Por que Brasil nunca mais venceu Sul-Americano e Mundial: "É difícil falar, porque em termos de estrutura de 2012 para cá, até melhorou a estrutura da CBF. Passaram boas comissões técnicas nas seleções de base também. A gente teve bons treinadores. Fica difícil dar um motivo para não ganhar, talvez esteja mais aplicado à geração boa que trabalhamos, à felicidade que tivemos na convocação. Várias comissões estiveram na CBF, a estrutura melhorou ainda mais, mas algum detalhe pode ter interferido nas competições. As equipes da América do Sul evoluíram muito na parte técnica e tática. O futebol sul-americano evoluiu muito neste aspecto. Hoje, qualquer país da América do Sul, tem comissão técnica competente. Esses países têm investido muito em parte tática e técnica. O Uruguai tem uma escola que marca forte. É uma competição difícil, não é fácil ganhar".

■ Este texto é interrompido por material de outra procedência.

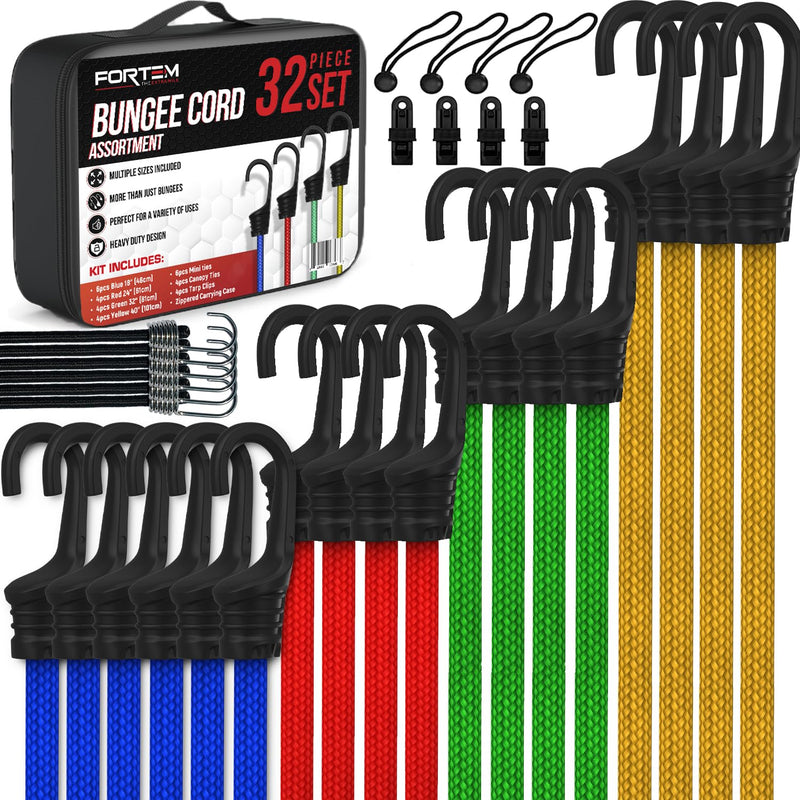 FORTEM Bungee Cord Assortment, 32 Pack, 10 to 40 in Assorted Sizes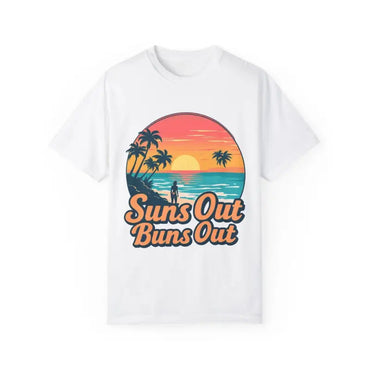 White t-shirt featuring a colorful beach graphic, Suns Out Buns Out summer design
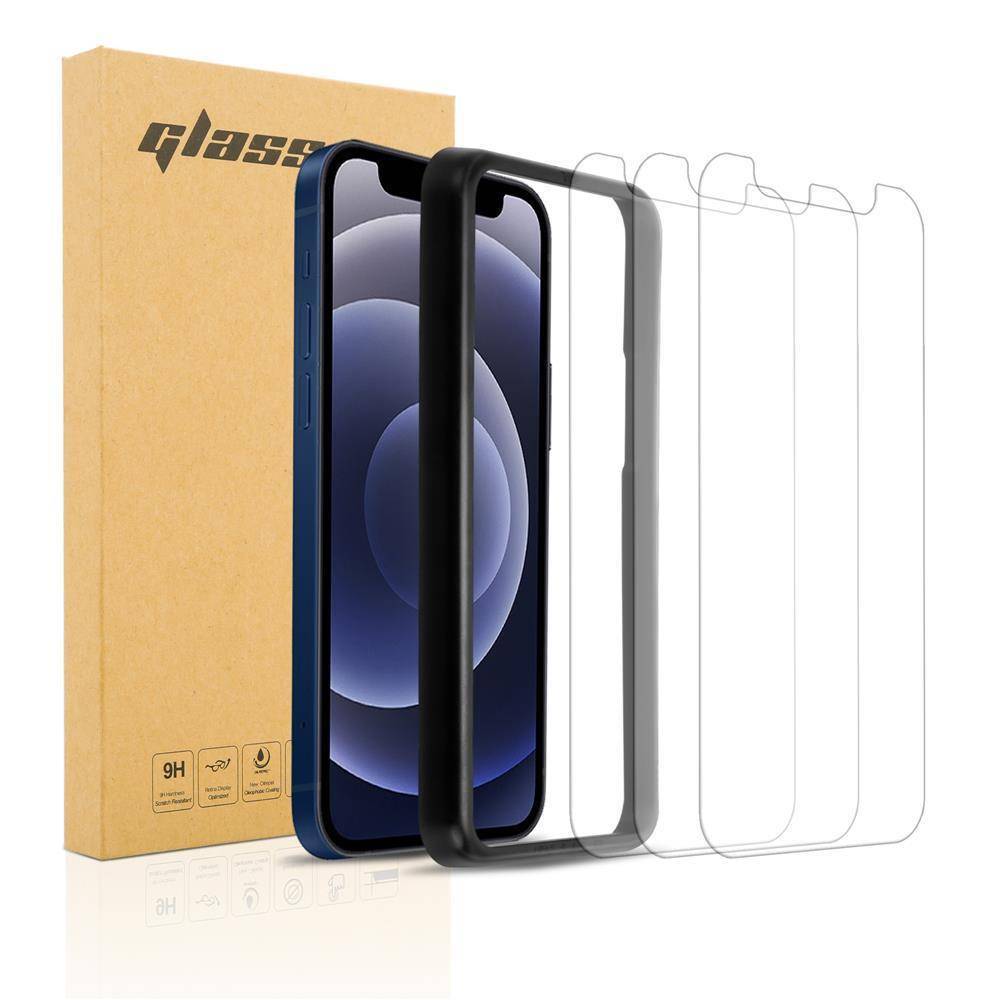 Cadorabo 3x Panzerfolie für Apple iPhone 12 (6,1" Zoll) Schutzfolie in natur Folie Tempered Display Schutzglas-0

Evolução dos jovens: "A maioria dos jogadores já estava no profissional, mas o único estabelecido na equipe principal era o Neymar, que jogou em 2010 pelo Santos. O Casemiro e o Lucas estavam no São Paulo, Oscar no Inter, Juan no Inter, Fernando no Grêmio... Esses outros jogadores estavam no profissional, mas sem a definição de ser o jogador para resolver os problemas técnicos da equipe. Depois desse Sul-Americano, todos esses jogadores tiveram um salto maior, de respeito. Depois do Mundial, eles evoluíram ainda mais".

Saída da seleção para o São Paulo: "Antes de falar da saída da seleção para ir ao São Paulo, tenho que voltar à minha contratação. Ela foi feita pelo Ricardo Teixeira e pelo Mano Menezes. Eu estava no Coritiba em 2010, liderando a Série B do Campeonato Brasileiro. Em setembro daquele ano, o Mano Menezes foi até Curitiba e me fez o convite para assumir a seleção sub-20. Eu também virei coordenador da base. Naquela época, a seleção não contratava treinadores para ficar nas seleções, eles eram contratados só para as competições. Eu fui com a função de contratar os treinadores da sub-15 e da sub-17. Eu teria que me desligar do Coritiba imediatamente no mês de setembro. Eu mostrei para eles que precisava fechar a competição, colocando o Coritiba na Série A. Isso tudo, porque na minha saída já havia mudado essa estrutura. O Ricardo havia saído da CBF, era o Marín. Teve uma mudança em 2012, teve uma mudança de treinador no São Paulo, e o presidente ligou para o Marín à época falando que tinha interesse no treinador, em meu nome, perguntando se poderia fazer uma proposta para mim. O Adalberto Batista, diretor de futebol do São Paulo à época, foi ao Rio, a gente se reuniu e tinha uma boa proposta do São Paulo. Ao mesmo tempo, tinha mudado a filosofia da CBF. Eu percebi que era o momento de sair. A minha decisão, que acho acertada, me fez ter uma boa campanha em 2012, com vaga na Libertadores, sem contratação nenhuma, só recuperando alguns jogadores, como Osvaldo, Jadson e Willian José. Ganhamos também uma Sul-Americana pelo São Paulo. Foi em função de receber uma boa proposta do São Paulo e mudar um pouquinho como estava sendo gerida a CBF naquele momento, mas o presidente à época me deixou à vontade para decidir. Em nenhum momento, ele mostrou que seria importante para o projeto".